Submitted via IRC for SoyCow1984

A Tiny Screw Shows Why iPhones Won't Be 'Assembled in U.S.A.'

In China, you will also find one of Apple's most important markets, and over the last month the risks that come with that dependence have become apparent. On Jan. 2, Apple said it would miss earnings expectations for the first time in 16 years, mostly because of slowing iPhone sales in China. On Tuesday, the company is expected to reveal more details about its financial results for the most recent quarter and its forecast for the coming year.

In 2012, Apple's chief executive, Timothy D. Cook, went on prime-time television to announce that Apple would make a Mac computer in the United States. It would be the first Apple product in years to be manufactured by American workers, and the top-of-the-line Mac Pro would come with an unusual inscription: "Assembled in USA."

But when Apple began making the $3,000 computer in Austin, Tex., it struggled to find enough screws, according to three people who worked on the project and spoke on the condition of anonymity because of confidentiality agreements.

In China, Apple relied on factories that can produce vast quantities of custom screws on short notice.
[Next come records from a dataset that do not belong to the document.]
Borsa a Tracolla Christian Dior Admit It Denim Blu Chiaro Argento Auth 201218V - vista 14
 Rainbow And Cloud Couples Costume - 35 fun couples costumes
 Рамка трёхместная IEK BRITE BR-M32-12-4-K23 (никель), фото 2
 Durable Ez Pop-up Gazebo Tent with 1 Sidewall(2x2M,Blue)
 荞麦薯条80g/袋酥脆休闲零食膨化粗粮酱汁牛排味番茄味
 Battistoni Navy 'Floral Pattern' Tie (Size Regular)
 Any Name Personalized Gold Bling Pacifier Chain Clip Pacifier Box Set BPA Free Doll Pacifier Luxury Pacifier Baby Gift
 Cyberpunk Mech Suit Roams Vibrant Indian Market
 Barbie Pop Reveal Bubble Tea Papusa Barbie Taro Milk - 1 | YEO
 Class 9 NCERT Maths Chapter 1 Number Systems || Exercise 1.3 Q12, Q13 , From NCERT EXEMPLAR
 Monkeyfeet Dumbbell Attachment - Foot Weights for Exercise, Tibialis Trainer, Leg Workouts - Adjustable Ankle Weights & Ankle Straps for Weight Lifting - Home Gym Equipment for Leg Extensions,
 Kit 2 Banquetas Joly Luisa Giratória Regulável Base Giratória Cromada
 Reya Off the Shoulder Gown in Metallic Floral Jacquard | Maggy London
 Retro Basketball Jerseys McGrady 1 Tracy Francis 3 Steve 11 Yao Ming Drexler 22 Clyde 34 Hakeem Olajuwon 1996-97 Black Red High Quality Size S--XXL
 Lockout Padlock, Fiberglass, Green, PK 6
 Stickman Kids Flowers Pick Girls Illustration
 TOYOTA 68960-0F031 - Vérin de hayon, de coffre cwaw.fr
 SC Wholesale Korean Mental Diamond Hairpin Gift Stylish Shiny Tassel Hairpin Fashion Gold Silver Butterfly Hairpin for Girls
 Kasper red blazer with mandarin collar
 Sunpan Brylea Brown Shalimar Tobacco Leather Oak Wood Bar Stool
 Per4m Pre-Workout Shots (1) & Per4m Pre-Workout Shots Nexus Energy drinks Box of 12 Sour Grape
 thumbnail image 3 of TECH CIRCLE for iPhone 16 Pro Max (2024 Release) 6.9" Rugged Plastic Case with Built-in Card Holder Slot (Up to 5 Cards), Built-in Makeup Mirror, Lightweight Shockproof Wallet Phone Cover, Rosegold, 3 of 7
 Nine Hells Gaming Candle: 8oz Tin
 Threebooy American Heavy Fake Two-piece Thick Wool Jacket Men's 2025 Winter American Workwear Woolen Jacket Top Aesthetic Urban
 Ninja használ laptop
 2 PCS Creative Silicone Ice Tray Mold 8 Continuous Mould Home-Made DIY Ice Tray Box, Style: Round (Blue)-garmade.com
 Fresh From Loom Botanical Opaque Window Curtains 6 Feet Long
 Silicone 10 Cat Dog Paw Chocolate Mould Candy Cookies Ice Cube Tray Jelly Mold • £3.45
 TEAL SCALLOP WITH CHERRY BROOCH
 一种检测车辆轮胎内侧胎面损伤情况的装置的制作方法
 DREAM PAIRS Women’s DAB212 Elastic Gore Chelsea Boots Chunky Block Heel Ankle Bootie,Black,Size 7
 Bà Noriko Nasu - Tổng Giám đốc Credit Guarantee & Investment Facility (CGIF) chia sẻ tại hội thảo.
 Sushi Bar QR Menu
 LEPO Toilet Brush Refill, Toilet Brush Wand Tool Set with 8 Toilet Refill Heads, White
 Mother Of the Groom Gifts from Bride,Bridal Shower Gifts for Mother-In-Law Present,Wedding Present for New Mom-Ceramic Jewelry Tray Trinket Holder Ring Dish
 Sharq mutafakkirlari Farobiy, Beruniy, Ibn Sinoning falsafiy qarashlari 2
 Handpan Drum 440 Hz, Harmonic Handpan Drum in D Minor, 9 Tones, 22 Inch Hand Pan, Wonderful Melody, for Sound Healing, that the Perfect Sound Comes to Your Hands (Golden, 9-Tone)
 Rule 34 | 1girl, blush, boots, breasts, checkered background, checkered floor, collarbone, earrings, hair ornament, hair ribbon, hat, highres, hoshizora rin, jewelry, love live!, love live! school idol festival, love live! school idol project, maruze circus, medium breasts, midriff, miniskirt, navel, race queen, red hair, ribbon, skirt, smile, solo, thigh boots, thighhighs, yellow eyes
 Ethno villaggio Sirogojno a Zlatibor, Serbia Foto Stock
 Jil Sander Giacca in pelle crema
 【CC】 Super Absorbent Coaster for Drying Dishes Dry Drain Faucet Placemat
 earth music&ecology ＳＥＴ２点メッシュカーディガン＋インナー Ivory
In Texas, where they say everything is bigger, it turned out the screw suppliers were not.

Tests of new versions of the computer were hamstrung because a 20-employee machine shop that Apple's manufacturing contractor was relying on could produce at most 1,000 screws a day.

The company could face more financial pressure if the Trump administration places tariffs on phones made in China — something the president has threatened to do.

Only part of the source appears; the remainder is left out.